Random thoughts and comments on recent developments in the film world.
IFC and Criterion have signed a deal wherein Criterion will handle the DVD and Blu-Ray distribution for select titles under the IFC Films banner. There’s been a lot of grumbling about Criterion releasing more and more contemporary films at the expense of lost classics, and while I do lament the general state of classics on home video, I also love that Criterion is living up to the "contemporary" side of their mission statement. Besides, when those films include Summer Hours (hands-down the best film I've seen all year) and Che (hands-down the most ambitious, and one of the most fascinating films I saw last year), it's hard to complain too much.
As of right now, the Northwest Film Center, probably the most important establishment for cinephiles in Portland, has a screening of Bright Star scheduled for September 23rd, but only for members. Bright Star played at the Cannes Film Festival and is being released in New York on September 18, but there's no word on any larger plan, and the distributor doesn't have a web site. My guess is it will make it out here, as the film has been tossed around as an Oscar contender, but this waiting period always makes me nervous.
Anne Thompson's onto something here without quite coming out and saying it (also, as a director, there's nothing challenging about John Lasseter - he does what he does very well, but challenging audiences is not his wheelhouse). Oddly enough, I expected myself to come away swinging, but instead agreed - The Limits of Control is kind of a mess, in spite of its aims. But while Coppola may have earned the right to do whatever the hell he wants, the movie still has to earn that (which, for the record, I think Tetro does, even if it doesn't stick the landing).

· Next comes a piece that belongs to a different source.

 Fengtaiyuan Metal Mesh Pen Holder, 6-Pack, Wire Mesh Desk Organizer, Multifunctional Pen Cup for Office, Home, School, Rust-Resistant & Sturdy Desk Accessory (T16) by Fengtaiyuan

I don't hate The Boondock Saints the way a lot of cinephiles do. I just don't care about it at all, and it's aged really poorly. And it has the philosophy of that guy who sat a couple seats down from you in high school who was always flipping through weapons magazines and had a weird fixation on German culture. Willem Dafoe was pretty amusing in it, though...until the end. What the hell happened there? But, y'know, here's the trailer for the sequel.

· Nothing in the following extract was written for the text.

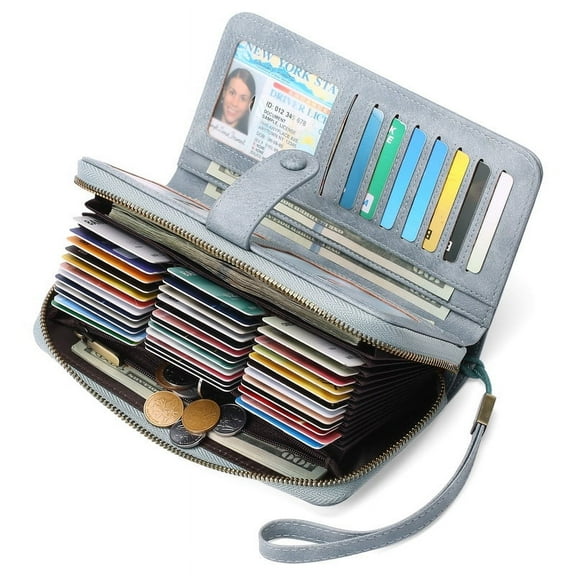 GAEKEAO Leather Credit Card Holder Wallet for Women RFID Blocking Large Capacity Bifold Zipper Card Case Organizer with Wristlet 45 Slots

Top Five films I'm desperate to see this fall/winter, but my access to them is uncertain:
Red Riding Trilogy
Tree of Life
The White Ribbon
I feel pretty good about Portland getting Tree of Life and The White Ribbon...Wild Grass sounds so damn nutty, it's hard to say, and the Red Riding Trilogy is...well, it's three films. They couldn't even release Kill Bill all at once. Though it will be on IFC OnDemand, God's gift to far-flung cinephiles, and a system that should be mandatory for every niche distributor (I'm looking right at you, Sony Pictures Classics). Everyone Else seems almost impossible, unless a distant chance pans out and I'm in New York for the end of the New York Film Festival. The only one of these I would actively travel to further than Seattle to see is Tree of Life. I'd fly to New York if I had to.